PURBALINGGA, INFO – Komunitas Teater Sastra Perwira (Katasapa) Purbalingga mementaskan teater berjudul Legenda Siwarak secara virtual. Pementasan teater ‘Legenda Siwarak’ dilakukan di Pendapa Umah Wayang Desa Selakambang, Sabtu Malam (28/11) dan disiarkan secara live streaming melalui YouTube Misbar Purbalingga.

Pengurus Katasapa, Trisnanto Budidoyo mengatakan pentas teater ‘Legenda Siwarak’ merupakan teater kedua yang dipentaskan Katasapa Purbalingga pada program Fasilitasi Bidang Kebudayaan (FBK) Kementerian Pendidikan dan Kebudayaan (Kemendikbud) RI. Naskah ‘Legenda Siwarak’ ditulis oleh Endang Dwiyanti yang juga sebagai sutradara pementasan teater ‘Legenda Siwarak’.

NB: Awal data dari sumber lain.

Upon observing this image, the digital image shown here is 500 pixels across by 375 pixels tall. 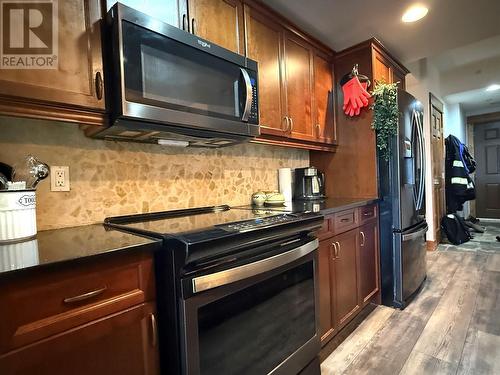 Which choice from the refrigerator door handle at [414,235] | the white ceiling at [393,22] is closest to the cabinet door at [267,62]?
the white ceiling at [393,22]

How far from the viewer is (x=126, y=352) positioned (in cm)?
87

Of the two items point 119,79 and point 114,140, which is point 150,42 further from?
Answer: point 114,140

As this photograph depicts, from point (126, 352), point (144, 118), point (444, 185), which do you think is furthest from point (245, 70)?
point (444, 185)

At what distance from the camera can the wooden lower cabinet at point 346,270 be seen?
171 cm

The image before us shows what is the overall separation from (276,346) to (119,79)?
1347mm

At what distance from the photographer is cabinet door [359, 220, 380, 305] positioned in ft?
6.94

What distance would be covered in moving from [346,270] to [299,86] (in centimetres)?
141

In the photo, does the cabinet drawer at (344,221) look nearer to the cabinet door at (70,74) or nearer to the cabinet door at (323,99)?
the cabinet door at (323,99)

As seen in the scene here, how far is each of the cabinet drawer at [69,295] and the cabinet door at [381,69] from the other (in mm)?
2445

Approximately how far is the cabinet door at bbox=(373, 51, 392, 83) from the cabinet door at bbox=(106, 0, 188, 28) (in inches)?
69.6

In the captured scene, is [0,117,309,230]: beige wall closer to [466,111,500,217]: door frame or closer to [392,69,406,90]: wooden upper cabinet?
[392,69,406,90]: wooden upper cabinet

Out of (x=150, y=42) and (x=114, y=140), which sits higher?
(x=150, y=42)

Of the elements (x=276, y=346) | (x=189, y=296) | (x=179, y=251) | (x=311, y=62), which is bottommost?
(x=276, y=346)

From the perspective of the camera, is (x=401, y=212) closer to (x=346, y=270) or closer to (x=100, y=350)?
(x=346, y=270) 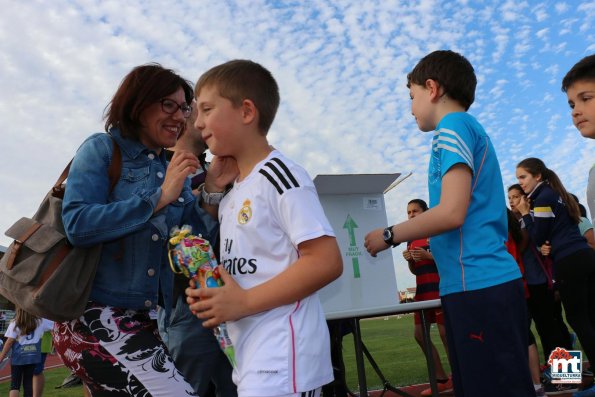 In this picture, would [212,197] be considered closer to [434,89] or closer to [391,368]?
[434,89]

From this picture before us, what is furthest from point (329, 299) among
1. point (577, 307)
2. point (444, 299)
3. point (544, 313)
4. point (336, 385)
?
Answer: point (544, 313)

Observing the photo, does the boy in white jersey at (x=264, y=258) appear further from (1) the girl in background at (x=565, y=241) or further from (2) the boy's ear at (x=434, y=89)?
(1) the girl in background at (x=565, y=241)

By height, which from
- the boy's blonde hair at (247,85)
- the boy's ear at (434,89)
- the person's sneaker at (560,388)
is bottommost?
the person's sneaker at (560,388)

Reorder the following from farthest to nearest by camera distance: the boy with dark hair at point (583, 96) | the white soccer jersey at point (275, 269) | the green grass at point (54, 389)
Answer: the green grass at point (54, 389) → the boy with dark hair at point (583, 96) → the white soccer jersey at point (275, 269)

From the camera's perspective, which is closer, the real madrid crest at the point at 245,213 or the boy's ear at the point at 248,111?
the real madrid crest at the point at 245,213

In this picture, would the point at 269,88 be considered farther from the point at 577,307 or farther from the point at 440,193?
the point at 577,307

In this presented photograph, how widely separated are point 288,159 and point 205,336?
118 centimetres

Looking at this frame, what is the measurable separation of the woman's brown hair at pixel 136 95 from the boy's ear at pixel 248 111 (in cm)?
41

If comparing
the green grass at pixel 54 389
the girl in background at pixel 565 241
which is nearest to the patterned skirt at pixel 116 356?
the girl in background at pixel 565 241

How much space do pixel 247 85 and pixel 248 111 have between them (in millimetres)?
89

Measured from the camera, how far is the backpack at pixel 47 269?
151 cm

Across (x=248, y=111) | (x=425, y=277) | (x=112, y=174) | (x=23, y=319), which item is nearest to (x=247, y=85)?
(x=248, y=111)

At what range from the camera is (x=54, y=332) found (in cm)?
165

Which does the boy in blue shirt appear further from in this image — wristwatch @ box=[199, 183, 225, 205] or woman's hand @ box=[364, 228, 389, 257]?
wristwatch @ box=[199, 183, 225, 205] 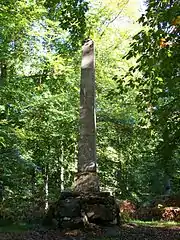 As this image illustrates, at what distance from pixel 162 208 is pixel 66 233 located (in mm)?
7353

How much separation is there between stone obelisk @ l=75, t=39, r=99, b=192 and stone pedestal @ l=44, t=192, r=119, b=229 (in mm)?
351

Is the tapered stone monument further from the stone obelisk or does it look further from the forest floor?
the forest floor

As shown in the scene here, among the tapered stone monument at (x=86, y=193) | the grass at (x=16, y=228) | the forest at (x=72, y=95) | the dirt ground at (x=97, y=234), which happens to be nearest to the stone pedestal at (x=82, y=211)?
the tapered stone monument at (x=86, y=193)

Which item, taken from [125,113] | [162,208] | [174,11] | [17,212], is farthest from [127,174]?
[174,11]

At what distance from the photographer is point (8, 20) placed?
38.9 ft

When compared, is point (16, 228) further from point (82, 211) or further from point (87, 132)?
point (87, 132)

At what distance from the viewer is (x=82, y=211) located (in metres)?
9.05

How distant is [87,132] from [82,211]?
217 centimetres

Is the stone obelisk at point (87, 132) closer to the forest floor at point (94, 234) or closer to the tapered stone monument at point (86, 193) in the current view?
the tapered stone monument at point (86, 193)

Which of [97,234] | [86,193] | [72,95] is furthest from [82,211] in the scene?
[72,95]

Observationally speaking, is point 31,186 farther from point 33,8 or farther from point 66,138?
point 33,8

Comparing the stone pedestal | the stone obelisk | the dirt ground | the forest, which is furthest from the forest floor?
the forest

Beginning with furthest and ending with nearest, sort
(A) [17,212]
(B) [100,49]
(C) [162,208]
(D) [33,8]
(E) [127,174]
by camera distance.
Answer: (E) [127,174], (B) [100,49], (C) [162,208], (D) [33,8], (A) [17,212]

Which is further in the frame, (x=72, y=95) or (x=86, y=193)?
(x=72, y=95) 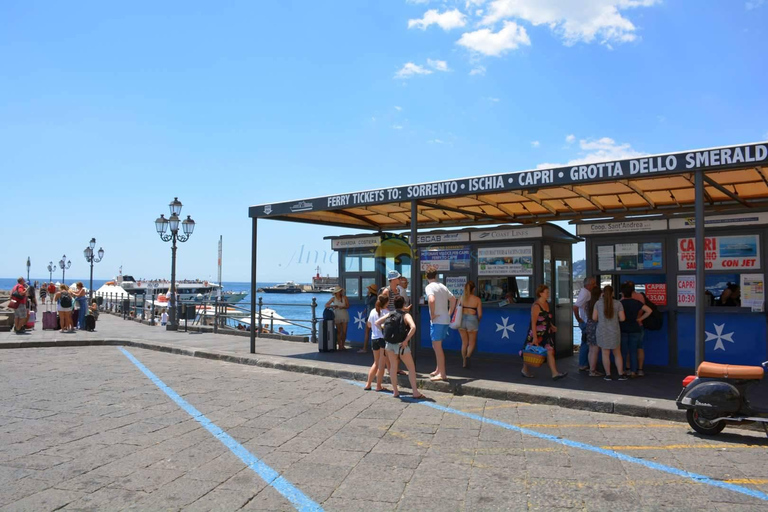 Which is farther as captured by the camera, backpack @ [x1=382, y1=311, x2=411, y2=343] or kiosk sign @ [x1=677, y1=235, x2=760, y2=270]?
kiosk sign @ [x1=677, y1=235, x2=760, y2=270]

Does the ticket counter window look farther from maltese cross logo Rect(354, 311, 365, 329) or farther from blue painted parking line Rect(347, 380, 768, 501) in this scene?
blue painted parking line Rect(347, 380, 768, 501)

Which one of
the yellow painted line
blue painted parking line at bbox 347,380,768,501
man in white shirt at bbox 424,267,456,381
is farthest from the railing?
the yellow painted line

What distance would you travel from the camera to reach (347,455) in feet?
18.1

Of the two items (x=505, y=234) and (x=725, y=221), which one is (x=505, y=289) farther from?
(x=725, y=221)

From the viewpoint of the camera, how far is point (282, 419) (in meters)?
6.98

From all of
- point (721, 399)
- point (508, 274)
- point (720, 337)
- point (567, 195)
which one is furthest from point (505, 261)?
point (721, 399)

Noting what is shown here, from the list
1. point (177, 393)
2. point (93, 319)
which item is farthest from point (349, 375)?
point (93, 319)

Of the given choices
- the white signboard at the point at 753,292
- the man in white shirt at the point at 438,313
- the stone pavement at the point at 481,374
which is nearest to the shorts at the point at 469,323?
the stone pavement at the point at 481,374

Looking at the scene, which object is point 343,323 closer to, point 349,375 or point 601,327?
point 349,375

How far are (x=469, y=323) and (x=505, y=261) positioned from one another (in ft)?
6.30

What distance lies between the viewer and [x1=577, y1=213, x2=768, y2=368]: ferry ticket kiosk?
8898 mm

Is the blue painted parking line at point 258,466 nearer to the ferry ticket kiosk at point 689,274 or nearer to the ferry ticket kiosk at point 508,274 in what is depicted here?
the ferry ticket kiosk at point 508,274

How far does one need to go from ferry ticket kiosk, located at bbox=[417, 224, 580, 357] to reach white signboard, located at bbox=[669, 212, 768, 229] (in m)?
2.34

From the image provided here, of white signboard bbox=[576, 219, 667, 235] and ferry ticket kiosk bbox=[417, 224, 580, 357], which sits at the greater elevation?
white signboard bbox=[576, 219, 667, 235] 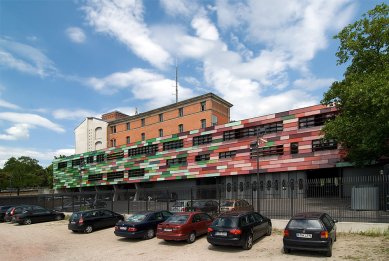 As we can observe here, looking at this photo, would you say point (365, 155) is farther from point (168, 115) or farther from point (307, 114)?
point (168, 115)

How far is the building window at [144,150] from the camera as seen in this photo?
56.3 meters

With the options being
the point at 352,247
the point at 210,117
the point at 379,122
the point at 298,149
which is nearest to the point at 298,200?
the point at 352,247

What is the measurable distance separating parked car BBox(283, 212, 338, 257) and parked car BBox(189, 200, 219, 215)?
9.49 meters

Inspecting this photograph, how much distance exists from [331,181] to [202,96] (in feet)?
126

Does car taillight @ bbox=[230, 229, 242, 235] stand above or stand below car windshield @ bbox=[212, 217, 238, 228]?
below

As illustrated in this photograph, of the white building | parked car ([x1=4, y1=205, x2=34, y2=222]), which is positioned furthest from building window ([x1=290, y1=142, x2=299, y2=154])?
the white building

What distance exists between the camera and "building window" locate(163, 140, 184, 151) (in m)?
52.6

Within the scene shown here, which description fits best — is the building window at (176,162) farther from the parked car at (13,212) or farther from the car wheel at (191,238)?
the car wheel at (191,238)

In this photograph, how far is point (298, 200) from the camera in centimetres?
1970

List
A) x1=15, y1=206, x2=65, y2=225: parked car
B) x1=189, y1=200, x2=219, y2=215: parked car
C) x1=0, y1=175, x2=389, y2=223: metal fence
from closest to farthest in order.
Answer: x1=0, y1=175, x2=389, y2=223: metal fence, x1=189, y1=200, x2=219, y2=215: parked car, x1=15, y1=206, x2=65, y2=225: parked car

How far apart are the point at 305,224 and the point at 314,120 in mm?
28118

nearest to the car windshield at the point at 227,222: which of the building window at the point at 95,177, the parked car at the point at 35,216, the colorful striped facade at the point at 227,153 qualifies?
the colorful striped facade at the point at 227,153

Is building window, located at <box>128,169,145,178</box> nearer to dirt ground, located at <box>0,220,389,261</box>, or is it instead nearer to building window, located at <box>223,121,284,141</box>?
building window, located at <box>223,121,284,141</box>

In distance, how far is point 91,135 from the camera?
245 feet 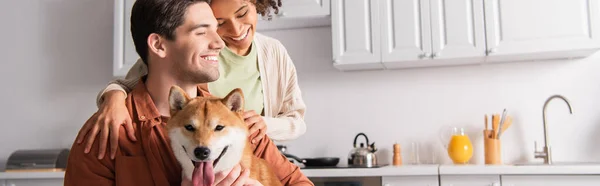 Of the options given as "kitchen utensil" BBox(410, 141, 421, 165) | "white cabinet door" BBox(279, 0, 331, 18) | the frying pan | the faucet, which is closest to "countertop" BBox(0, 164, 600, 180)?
the frying pan

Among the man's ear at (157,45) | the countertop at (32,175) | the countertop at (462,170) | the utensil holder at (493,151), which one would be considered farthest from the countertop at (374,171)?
the man's ear at (157,45)

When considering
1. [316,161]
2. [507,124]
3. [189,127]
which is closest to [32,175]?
[316,161]

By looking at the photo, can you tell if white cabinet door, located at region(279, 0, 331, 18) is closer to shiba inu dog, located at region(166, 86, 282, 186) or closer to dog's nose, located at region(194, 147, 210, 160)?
shiba inu dog, located at region(166, 86, 282, 186)

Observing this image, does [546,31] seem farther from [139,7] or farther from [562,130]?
[139,7]

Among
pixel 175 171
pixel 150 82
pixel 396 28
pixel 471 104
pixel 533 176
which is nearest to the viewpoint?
pixel 175 171

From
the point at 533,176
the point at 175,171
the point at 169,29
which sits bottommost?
the point at 533,176

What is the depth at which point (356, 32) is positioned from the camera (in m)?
3.37

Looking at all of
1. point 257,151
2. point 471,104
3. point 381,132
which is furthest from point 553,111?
point 257,151

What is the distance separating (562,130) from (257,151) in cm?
258

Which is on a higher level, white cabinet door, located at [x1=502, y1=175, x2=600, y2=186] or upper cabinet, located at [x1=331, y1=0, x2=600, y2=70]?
upper cabinet, located at [x1=331, y1=0, x2=600, y2=70]

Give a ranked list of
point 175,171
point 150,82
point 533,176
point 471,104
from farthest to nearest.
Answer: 1. point 471,104
2. point 533,176
3. point 150,82
4. point 175,171

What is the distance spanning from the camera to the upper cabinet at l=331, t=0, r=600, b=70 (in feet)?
10.1

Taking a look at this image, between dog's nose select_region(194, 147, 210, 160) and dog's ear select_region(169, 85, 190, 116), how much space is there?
0.14 meters

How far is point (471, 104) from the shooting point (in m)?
3.60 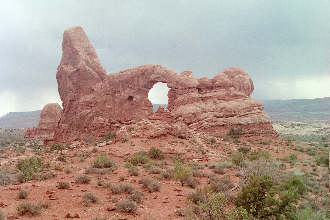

“Pentas ini merupakan hasil dari peserta workshop teater yang diselenggarakan oleh Katasapa Purbalingga,” kata Trisnanto, Selasa (1/12).

Endang Dwianti, Sutradara Cerita ‘Legenda Siwarak’ mengatakan kisab tersebut bercerita tentang penyebaran agama islam di Purbalingga oleh dua orang tokoh agama. Ahmad dan Muhammad merupakan seorang tokoh yang terkenal dalam Legenda Siwarak.

“Kedua tokoh tersebut memiliki pengikut yakni Bangas dan Bangis,” kata Endang yang dihubungi secara terpisah.

Penyebaran agama islam yang dilakukan Ahmad dan Muhammad ternyata diketahui Kerajaan Majapahit. Hingga kemudian dari Kerajaan Majapahit mengutus Ki Sutaraga untuk membunuh Ahmad, Muhammad dan kedua pengikutnya.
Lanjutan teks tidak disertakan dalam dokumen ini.